## ABOUT THIS EXERCISE
Set down, exactly, every line from the top of the listing through the one holding "Emerald Bhaiya Bhabhi".
==*==
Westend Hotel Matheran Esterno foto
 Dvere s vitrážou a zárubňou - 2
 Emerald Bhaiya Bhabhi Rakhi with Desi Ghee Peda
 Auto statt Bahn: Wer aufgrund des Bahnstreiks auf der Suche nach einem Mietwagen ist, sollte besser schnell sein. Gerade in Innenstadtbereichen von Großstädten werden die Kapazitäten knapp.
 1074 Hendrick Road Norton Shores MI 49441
==*==
## TASK ANSWER
Westend Hotel Matheran Esterno foto
 Dvere s vitrážou a zárubňou - 2
 Emerald Bhaiya Bhabhi Rakhi with Desi Ghee Peda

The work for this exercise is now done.